Alain Rousset (PS), président de l’ARF et du Conseil régional d’Aquitaine, explicite sa principale crainte : « A part les cartes grises, le gouvernement prévoit de nous supprimer toute la fiscalité ménages. Et comme les sièges sociaux des grandes entreprises se trouvent en région parisienne, nous risquons de devenir la collectivité locale la plus dépendante de l’Etat. » A droite, à l’inverse, on plaide le plus souvent une nécessaire rationalisation. « Tout le monde s’occupe de tout et de n’importe quoi, il y a trop de strates. On va mourir de tout ça », affirme Bruno Gilles. Et le sénateur des Bouches-du-Rhône de mettre les pieds dans le plat en donnant un exemple : « Regardez Marseille Provence 2013, la capitale européenne de la culture. Six collectivités sont impliquées et tout le monde affirme vouloir faire au mieux. En réalité, chacun va essayer de servir ses clientèles. » La réforme serait donc une entreprise courageuse pour faire entrer la France dans « le cercle des grandes démocraties à l’anglo-saxonne où, la même année, aura lieu l’élection municipale, celle des élus siégant à la fois dans les Conseils généraux et régionaux mais aussi, désormais, l’élection des conseillers communautaires ».

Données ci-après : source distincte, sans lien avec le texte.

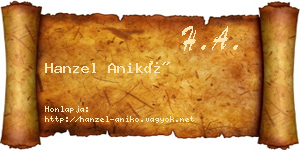 Hanzel Anikó névjegykártya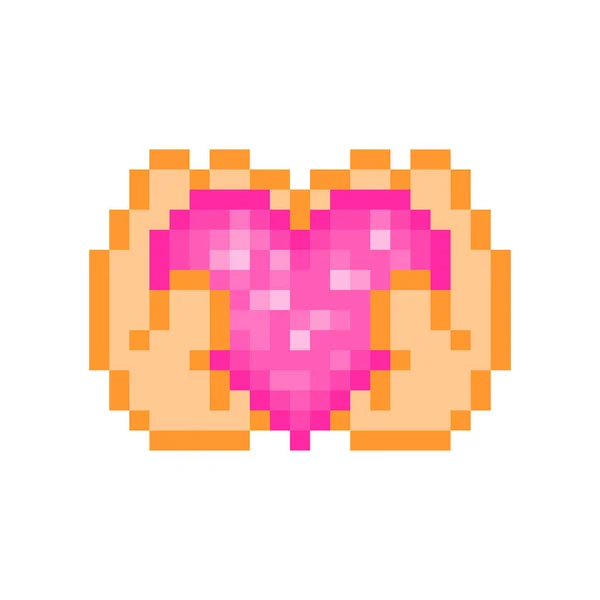 Deux mains tenant un coeur rose pailleté brillant, Saint Valentin pix — Image vectorielle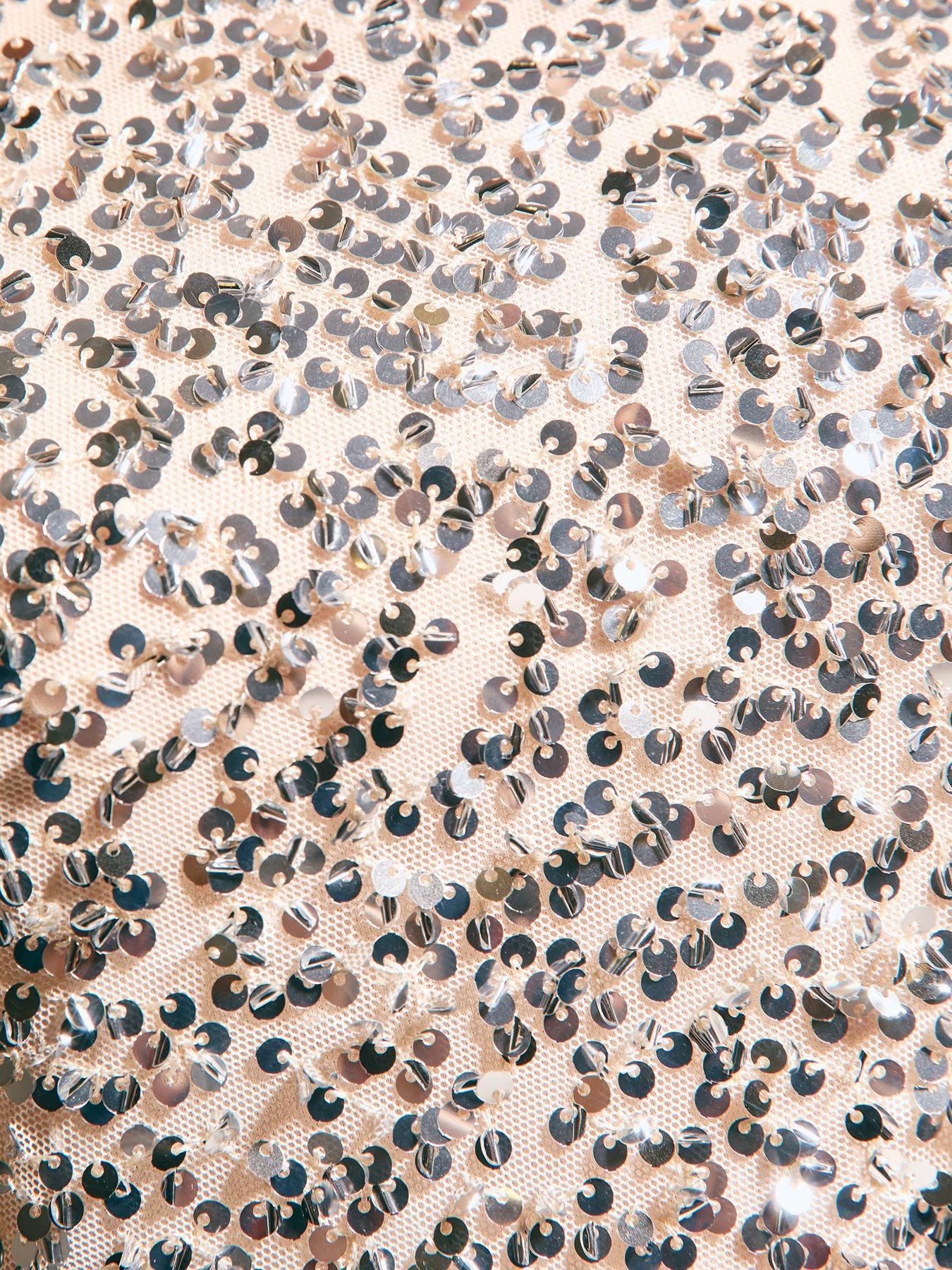  image of new-look-sequin-flared-trousers-gold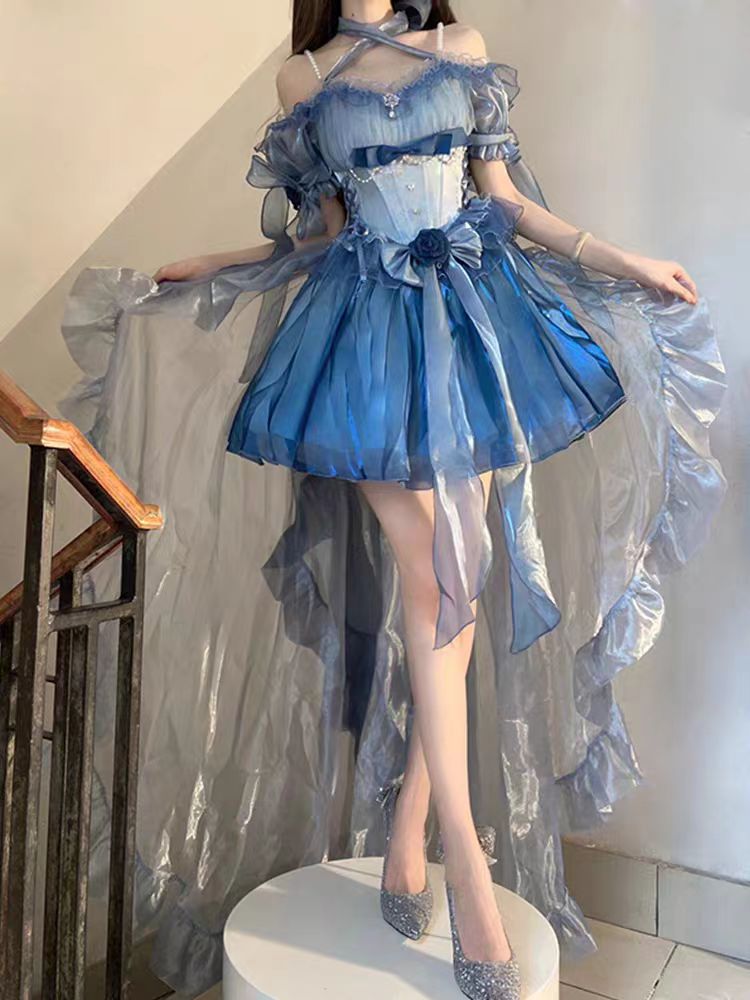 Dive into a dreamy underwater fantasy with this deep sea blue Lolita dress. Inspired by ocean elegance, it combines sweet charm with ethereal grace. Delicate lace, soft ruffles, and a flowing silhouette create a whimsical fairy-tale aura. Perfect for tea parties and enchanting occasions, this gown lets you embody the magic of a mystical sea princess.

« Le discours sur le thème « il y a trop d’élus » relève d’un populisme nauséabond, s’insurge Marie Bouchez, conseillère régionale Verte des Hautes-Alpes. Le gouvernement ne cesse de se débarasser au profit des collectivités locales de ce qui le gêne tout en leur supprimant les moyens d’exister. Il va tuer les Régions dans leur capacité d’innovation. Pourtant, bien plus que les Départements, ce sont elles qui peuvent agir contre les clivages sociaux et territoriaux. La métropolisation voulue par le gouvernement risque aussi de renforcer les inégalités de richesses. Si on ajoute la fin des pays, et donc des Conseils de développement, ce sont tous les lieux de démocratie de proximité qui disparaissent. » Dégât collatéral : la parité. Il y avait plus de 47 % de femmes dans les Conseils régionaux. Il y en a seulement un peu plus de 12 % dans les Conseils généraux. Une faible proportion que devrait favoriser le nouveau mode de scrutin des conseillers territoriaux.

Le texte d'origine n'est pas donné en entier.